Moises-Light: Resource-efficient Band-split U-Net for Music Source Separation
Project description
(WORK IN PROGRESS)
Moises-Light
Resource-efficient Band-split U-Net for Music Source Separation
PyTorch implementation of the Moises-Light architecture from "Resource-efficient Separation Transformer" (Rigatelli et al., 2024). The paper does not release code; this is an independent implementation based on the paper's description.
Key Features
- Spectral-only U-Net with internal STFT/iSTFT
- Equal-width band splitting via group convolutions
- Dual-path RoPE transformer bottleneck
- Asymmetric encoder/decoder (3 heavy encoder stages, 1 heavy + 2 light decoder stages)
- Multi-stem output: all stems in a single forward pass (unlike the paper's per-stem approach)
- 6 preset configurations from 2.5M to 8.4M parameters
Installation
pip install moises-light
Quick Start
import torch
from moises_light import MoisesLight, configs
# Use a preset
model = MoisesLight(**configs['paper_large'])
# Forward pass
x = torch.randn(1, 2, 264600) # [batch, channels, samples] 6s @ 44.1kHz
y = model(x) # [1, 4, 2, 264600] = [batch, stems, channels, samples]
# With auxiliary outputs interface (for training framework compatibility)
y, aux = model(x, return_auxiliary_outputs=True)
Preset Configurations
All presets use n_fft=6144, hop_size=1024, stereo input, and 4-stem output (vocals, drums, bass, other).
Paper-Faithful (truncated spectrum, 0-14.7 kHz)
Faithful to the paper's architecture. Frequencies above ~14.7 kHz are zeroed.
| Preset | G | Bands | Per-group ch | Freq coverage | Params |
|---|---|---|---|---|---|
paper_large |
56 | 4 | 14 | 0-14.7 kHz | 4,660,592 |
paper_small |
32 | 4 | 8 | 0-14.7 kHz | 2,520,592 |
Fullband Matched-Param (full spectrum, 0-22 kHz, similar param budget)
Full spectrum via 6 bands of 512 bins (freq_dim=3072). G adjusted to keep param count close to paper variants. Trades per-band capacity for full spectrum coverage.

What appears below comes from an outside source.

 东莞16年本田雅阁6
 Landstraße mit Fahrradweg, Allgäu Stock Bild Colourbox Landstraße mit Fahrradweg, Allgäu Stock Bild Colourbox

| Preset | G | Bands | Per-group ch | Freq coverage | Params |
|---|---|---|---|---|---|
fullband_large |
60 | 6 | 10 | 0-22 kHz | 4,948,612 |
fullband_small |
36 | 6 | 6 | 0-22 kHz | 2,824,244 |
Fullband Wide (full spectrum, 0-22 kHz, matched per-group capacity)
Full spectrum with the same per-group channel capacity as the paper models. More total params but no per-band capacity compromise.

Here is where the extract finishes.